**GIVEN DATA:**
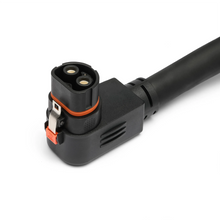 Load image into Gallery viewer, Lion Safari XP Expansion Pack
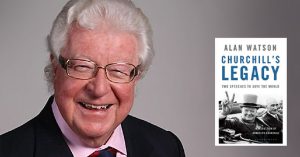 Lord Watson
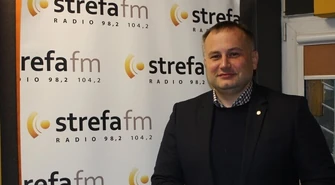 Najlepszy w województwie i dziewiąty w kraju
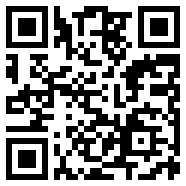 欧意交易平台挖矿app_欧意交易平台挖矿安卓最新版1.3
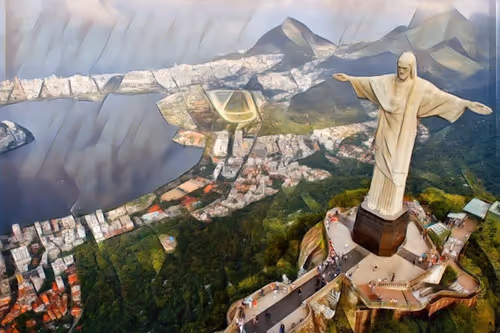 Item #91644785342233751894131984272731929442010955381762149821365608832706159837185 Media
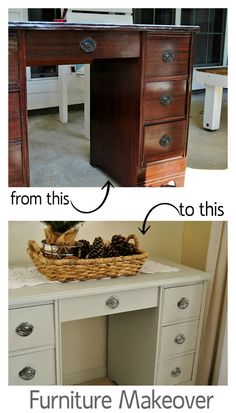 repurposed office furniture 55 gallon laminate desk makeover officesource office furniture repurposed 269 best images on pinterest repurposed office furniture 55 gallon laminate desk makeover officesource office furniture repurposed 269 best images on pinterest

* * *

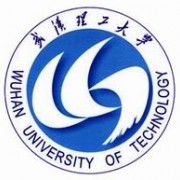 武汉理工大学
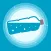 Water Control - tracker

**HOW TO COMPLETE THIS TASK:**
Please copy out from the data above, without any picture, exactly the lines running from the one that holds "Load image into" through the one that holds "on pinterest repurposed", and nothing beyond them.

**RESPONSE AREA:**
 Load image into Gallery viewer, Lion Safari XP Expansion Pack
 Lord Watson
 Najlepszy w województwie i dziewiąty w kraju
 欧意交易平台挖矿app_欧意交易平台挖矿安卓最新版1.3
 Item #91644785342233751894131984272731929442010955381762149821365608832706159837185 Media
 repurposed office furniture 55 gallon laminate desk makeover officesource office furniture repurposed 269 best images on pinterest repurposed office furniture 55 gallon laminate desk makeover officesource office furniture repurposed 269 best images on pinterest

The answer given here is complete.